◆ Exercise details ◆
Print verbatim the lines from the beginning of the entries through the line containing "Diamante de estilo", both ends included. Pictures should be left out.
(Record excerpts Opens)
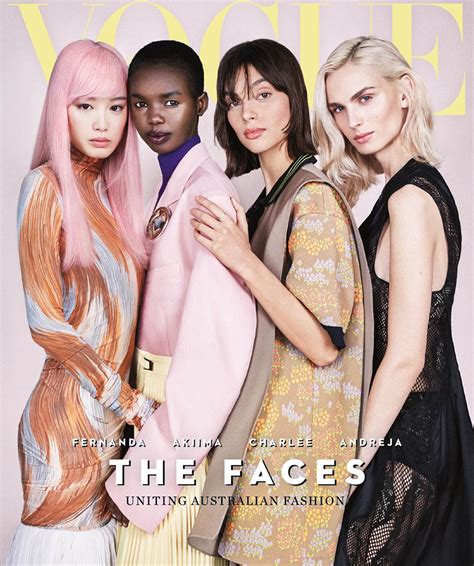 Fernanda Ly Akiima Charlee Fraser And Andreja Pejić Cover Vogue Australia April 2018 By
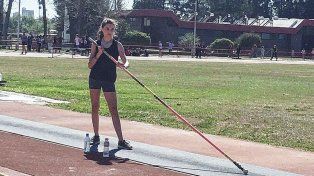 La garrochista santafesina Paula García Grecco competirá en el Nacional de Clubes.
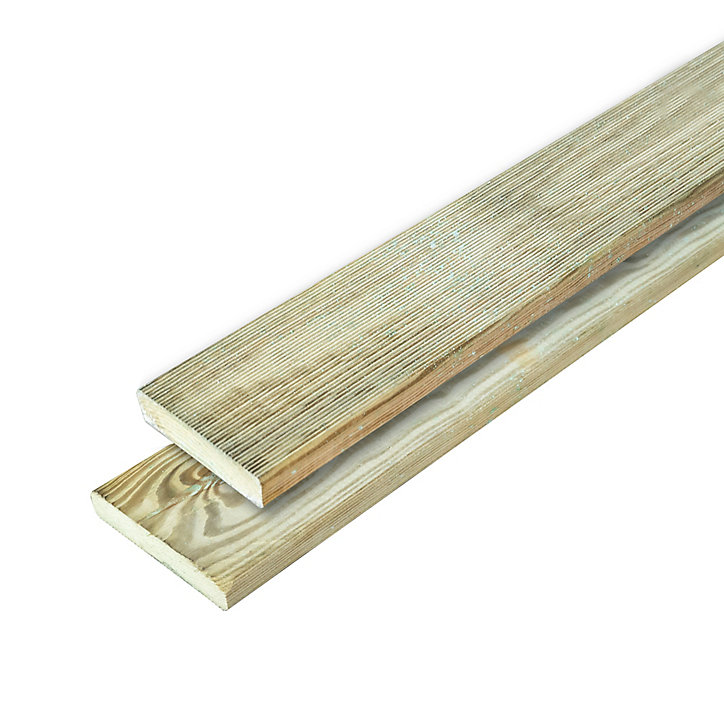 Lame de terrasse pin GoodHome Dania L.240 x l.12 cm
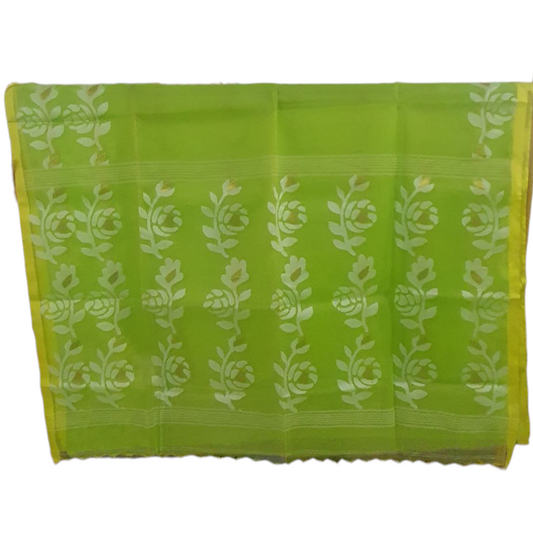 Green Muslin Silk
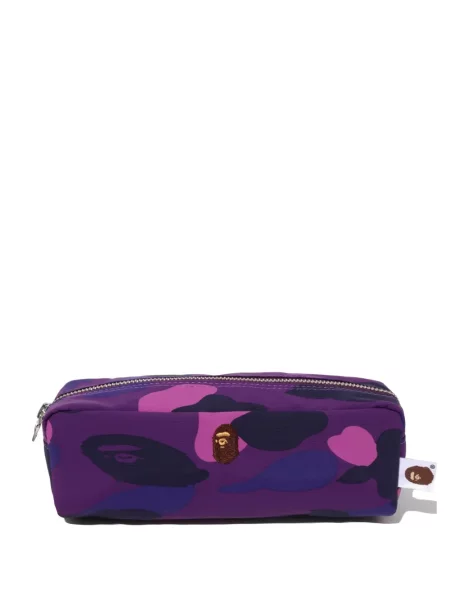 Geantă A Bathing Ape® cu broderie cu model camuflaj violet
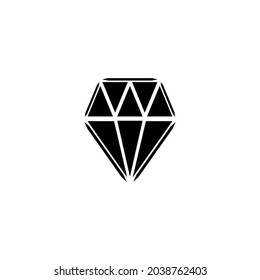 Diamante de estilo plano sobre fondo blanco. Diamante en estilo abstracto sobre fondo negro.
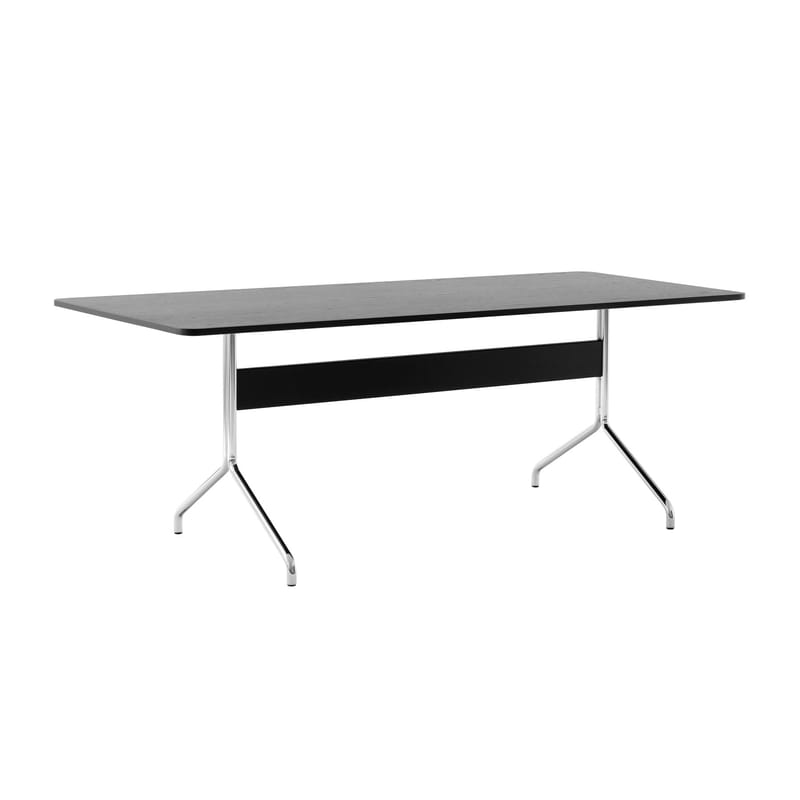 Table rectangulaire Pavilion AV19 L 200 cm de Anderssen & Voll - &Tradition-Noir / Chromé-The Woods Gallery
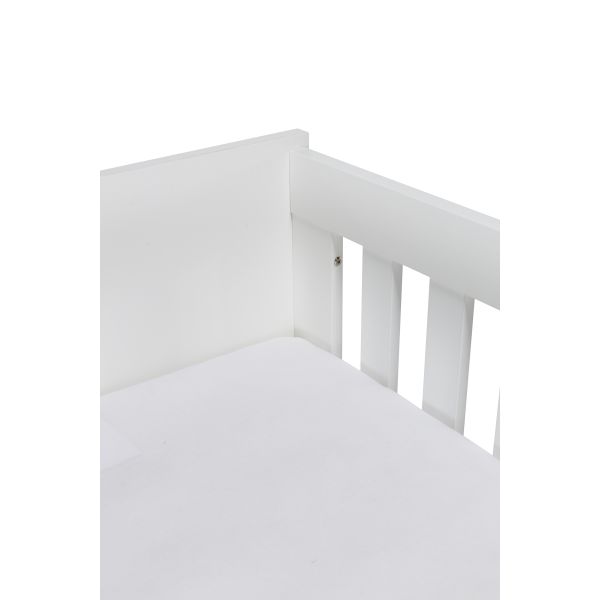 Ledikant 60 x 120 Beach Island White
(Record excerpts Closes)
◆ Your response ◆
 Fernanda Ly Akiima Charlee Fraser And Andreja Pejić Cover Vogue Australia April 2018 By
 La garrochista santafesina Paula García Grecco competirá en el Nacional de Clubes.
 Lame de terrasse pin GoodHome Dania L.240 x l.12 cm
 Green Muslin Silk
 Geantă A Bathing Ape® cu broderie cu model camuflaj violet
 Diamante de estilo plano sobre fondo blanco. Diamante en estilo abstracto sobre fondo negro.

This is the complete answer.